Still intact are the original station houses complete with woodwork and pressed
tin ceilings, rest rooms, fare collection booths and the platform canopies. At this juncture, an elevated structure once continued to the Metropolitan
Main Line which was used by four different lines that served the west side. Few remnants exist today of that line, but if you look at the Chicago River
two blocks west, you can still see the foundation of the old west bridge pit. In the mid-1980s, Quincy was closed for extensive rehibilitation. It was to be restored
as close to its original 1897 appearance as feasible, while maintaining capacity for
current ridership and adhering the modern safety and security standards. The preservation-sensitive restoration included the replication
of the ticket agent’s booth from the original 1897 drawings. Location of the now demolished Madison/Wells station. It closed
Sunday, January 30, 1994 and demolished so that work on the
Washington/Wells station could begin. Washington/Wells station opened in July 1995. Location of the now demolished Randolph/Wells station. It closed on
Monday, July 17, 1995. The remaining platform is now used for storage. The Clark/Lake tri-level facility is the CTA’s largest, most complex station and one of
its busiest. It was created in 1992 when the Clark/Lake elevated station and the Lake Transfer subway station — which previously had separate fare controls and
mezzanines — were renovated and had their passenger access relocated into
two buildings. In 1966, State/Lake became the first Loop ‘L’ station to receive an escalator for
passenger convenience as part of a series of station improvements and renovations
the CTA performed in the mid- and late-1960s. State/Lake is the last remaining example of 1895 Loop architecture from the State
Street Leg, despite its altered condition. The station still sports its original decorative
railings and canopies, among other remnants. Location of the now demolished Randolph/Wabash station.

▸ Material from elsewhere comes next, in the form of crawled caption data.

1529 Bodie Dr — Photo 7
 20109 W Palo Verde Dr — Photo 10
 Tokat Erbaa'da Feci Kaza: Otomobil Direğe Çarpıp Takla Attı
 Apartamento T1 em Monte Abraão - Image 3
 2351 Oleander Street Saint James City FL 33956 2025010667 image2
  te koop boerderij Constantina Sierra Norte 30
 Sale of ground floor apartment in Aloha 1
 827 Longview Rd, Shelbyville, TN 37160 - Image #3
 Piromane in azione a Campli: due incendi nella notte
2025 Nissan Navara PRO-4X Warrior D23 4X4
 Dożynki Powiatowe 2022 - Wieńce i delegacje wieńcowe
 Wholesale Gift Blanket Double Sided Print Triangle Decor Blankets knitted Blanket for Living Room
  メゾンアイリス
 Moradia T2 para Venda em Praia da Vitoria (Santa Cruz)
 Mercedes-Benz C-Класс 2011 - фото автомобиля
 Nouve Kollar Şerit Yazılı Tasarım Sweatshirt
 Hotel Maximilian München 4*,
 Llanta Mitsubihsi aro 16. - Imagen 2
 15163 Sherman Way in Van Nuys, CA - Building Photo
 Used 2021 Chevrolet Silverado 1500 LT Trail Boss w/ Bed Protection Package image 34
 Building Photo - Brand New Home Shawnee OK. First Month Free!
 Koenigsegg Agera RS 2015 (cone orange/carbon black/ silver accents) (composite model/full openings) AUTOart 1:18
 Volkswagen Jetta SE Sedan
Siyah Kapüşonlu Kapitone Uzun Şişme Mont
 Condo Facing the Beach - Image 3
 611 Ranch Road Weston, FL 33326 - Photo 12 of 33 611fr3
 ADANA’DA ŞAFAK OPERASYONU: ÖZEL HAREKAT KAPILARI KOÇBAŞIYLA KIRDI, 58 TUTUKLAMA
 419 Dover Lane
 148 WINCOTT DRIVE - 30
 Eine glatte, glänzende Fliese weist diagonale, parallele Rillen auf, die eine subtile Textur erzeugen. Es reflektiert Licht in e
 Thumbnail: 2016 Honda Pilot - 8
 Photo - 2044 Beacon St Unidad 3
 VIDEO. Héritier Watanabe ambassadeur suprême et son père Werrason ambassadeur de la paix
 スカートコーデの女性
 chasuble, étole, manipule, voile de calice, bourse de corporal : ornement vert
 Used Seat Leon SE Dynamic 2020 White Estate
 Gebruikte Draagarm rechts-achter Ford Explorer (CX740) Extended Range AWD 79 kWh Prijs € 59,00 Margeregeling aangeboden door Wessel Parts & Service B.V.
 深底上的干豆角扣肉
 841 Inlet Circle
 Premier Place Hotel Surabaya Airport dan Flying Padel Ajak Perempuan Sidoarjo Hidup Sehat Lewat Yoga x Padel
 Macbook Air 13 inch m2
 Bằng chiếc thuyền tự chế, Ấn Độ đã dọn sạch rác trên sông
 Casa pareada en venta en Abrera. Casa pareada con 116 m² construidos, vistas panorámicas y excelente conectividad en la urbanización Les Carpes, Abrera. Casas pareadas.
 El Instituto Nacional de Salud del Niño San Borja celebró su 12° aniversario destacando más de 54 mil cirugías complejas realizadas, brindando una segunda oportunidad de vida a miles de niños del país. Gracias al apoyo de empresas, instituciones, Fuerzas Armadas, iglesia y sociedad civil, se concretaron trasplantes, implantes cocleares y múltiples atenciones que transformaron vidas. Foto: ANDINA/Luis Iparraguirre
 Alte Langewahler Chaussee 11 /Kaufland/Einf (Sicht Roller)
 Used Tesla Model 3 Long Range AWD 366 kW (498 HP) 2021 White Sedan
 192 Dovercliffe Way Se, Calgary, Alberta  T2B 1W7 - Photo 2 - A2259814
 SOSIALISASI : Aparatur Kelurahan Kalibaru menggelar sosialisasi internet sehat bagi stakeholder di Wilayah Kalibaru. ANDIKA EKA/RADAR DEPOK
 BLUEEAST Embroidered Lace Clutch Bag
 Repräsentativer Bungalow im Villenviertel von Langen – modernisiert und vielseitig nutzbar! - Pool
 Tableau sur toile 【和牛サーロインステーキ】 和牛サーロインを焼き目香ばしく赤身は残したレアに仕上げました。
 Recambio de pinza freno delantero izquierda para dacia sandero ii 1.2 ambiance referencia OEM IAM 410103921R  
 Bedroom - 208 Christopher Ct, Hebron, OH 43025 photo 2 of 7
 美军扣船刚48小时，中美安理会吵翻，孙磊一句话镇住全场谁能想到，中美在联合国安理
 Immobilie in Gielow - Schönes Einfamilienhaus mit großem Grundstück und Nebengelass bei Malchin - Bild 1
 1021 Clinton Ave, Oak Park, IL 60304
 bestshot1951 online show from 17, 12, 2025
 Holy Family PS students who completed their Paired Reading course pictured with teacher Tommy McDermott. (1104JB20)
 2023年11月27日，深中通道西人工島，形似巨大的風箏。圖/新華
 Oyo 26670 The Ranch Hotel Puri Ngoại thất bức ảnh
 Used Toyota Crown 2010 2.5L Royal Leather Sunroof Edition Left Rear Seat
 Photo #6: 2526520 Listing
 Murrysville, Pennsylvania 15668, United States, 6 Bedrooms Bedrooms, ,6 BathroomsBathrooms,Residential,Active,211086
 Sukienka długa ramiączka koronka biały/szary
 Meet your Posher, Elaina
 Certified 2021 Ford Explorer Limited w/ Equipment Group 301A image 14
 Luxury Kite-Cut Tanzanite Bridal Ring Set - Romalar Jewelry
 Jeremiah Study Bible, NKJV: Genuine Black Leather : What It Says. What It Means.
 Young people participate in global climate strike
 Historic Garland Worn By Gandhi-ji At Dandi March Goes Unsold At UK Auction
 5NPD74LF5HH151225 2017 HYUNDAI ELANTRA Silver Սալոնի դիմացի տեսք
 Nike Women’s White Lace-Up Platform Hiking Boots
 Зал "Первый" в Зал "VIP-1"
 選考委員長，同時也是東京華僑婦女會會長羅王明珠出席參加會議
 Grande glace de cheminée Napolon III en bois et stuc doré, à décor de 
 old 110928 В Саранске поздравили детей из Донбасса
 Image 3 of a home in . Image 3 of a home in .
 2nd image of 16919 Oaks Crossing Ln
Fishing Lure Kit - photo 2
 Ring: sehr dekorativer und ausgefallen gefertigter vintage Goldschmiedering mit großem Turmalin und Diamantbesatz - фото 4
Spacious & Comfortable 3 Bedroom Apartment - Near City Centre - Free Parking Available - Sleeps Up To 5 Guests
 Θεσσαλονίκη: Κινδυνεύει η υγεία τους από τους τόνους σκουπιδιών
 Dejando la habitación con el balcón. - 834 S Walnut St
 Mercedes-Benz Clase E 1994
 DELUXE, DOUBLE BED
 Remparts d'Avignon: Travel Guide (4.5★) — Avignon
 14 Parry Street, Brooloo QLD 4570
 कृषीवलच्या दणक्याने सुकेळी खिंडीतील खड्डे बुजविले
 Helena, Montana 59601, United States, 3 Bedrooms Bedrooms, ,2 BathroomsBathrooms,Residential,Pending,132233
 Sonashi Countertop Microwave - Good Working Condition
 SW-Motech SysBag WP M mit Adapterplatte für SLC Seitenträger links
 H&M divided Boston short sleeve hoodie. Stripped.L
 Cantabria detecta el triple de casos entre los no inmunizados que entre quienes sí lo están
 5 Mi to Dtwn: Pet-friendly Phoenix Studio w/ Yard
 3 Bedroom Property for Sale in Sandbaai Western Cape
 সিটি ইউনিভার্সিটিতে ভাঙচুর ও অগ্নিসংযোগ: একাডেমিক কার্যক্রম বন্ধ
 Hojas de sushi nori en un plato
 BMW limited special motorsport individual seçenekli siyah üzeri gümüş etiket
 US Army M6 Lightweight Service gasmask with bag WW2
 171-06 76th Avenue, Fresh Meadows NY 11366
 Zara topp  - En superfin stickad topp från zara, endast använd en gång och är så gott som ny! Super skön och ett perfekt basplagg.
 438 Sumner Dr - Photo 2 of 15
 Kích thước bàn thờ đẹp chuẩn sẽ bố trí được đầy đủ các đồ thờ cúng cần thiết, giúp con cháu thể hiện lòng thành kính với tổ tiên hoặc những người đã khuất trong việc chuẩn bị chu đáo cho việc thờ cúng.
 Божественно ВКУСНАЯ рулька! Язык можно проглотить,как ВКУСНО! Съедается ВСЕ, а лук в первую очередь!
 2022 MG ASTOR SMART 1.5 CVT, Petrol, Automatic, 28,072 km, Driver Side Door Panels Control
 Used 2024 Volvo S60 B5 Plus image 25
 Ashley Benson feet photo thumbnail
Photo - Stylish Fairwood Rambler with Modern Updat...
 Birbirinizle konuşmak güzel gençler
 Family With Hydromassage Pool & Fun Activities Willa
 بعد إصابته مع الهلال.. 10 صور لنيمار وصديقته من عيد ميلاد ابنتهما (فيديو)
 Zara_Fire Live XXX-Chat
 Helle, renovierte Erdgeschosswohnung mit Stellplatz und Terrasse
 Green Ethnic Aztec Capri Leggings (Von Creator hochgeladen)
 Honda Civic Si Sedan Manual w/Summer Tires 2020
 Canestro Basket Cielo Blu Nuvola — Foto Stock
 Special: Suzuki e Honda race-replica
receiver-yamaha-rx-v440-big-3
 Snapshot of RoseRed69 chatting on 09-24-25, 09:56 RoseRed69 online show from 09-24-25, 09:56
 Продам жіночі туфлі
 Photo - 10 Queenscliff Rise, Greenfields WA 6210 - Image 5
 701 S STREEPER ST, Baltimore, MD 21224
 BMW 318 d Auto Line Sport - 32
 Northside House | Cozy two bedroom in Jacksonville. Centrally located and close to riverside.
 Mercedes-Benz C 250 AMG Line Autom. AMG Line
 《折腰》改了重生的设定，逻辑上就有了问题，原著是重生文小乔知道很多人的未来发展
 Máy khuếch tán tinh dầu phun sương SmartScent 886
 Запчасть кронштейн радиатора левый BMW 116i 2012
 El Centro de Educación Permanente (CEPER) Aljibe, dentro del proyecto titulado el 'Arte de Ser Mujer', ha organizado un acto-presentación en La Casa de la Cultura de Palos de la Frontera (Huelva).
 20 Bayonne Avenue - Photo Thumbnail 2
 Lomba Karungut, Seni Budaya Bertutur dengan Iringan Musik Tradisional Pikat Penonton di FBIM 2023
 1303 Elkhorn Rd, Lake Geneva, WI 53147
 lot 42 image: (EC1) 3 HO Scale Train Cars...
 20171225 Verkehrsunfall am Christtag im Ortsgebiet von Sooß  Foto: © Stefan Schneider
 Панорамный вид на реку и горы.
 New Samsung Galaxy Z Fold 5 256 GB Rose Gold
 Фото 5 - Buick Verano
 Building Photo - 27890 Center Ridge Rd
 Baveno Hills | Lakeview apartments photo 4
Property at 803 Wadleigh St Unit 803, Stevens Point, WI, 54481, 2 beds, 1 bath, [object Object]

It closed on September 3, 2017, replaced by the newly constructed
Washington/Wabash station which opened three days earlier. Location of the now demolished Madison/Wabash station.
It closed on Monday, March 16, 2015, for the construction of the new
Washington/Wabash station. Washingon/Wabash station replaced and consolidated the Randolph/Wabash and
Madison/Wabash stations into one facility, located between the two former stations. It opened on Thursday, August 31, 2017.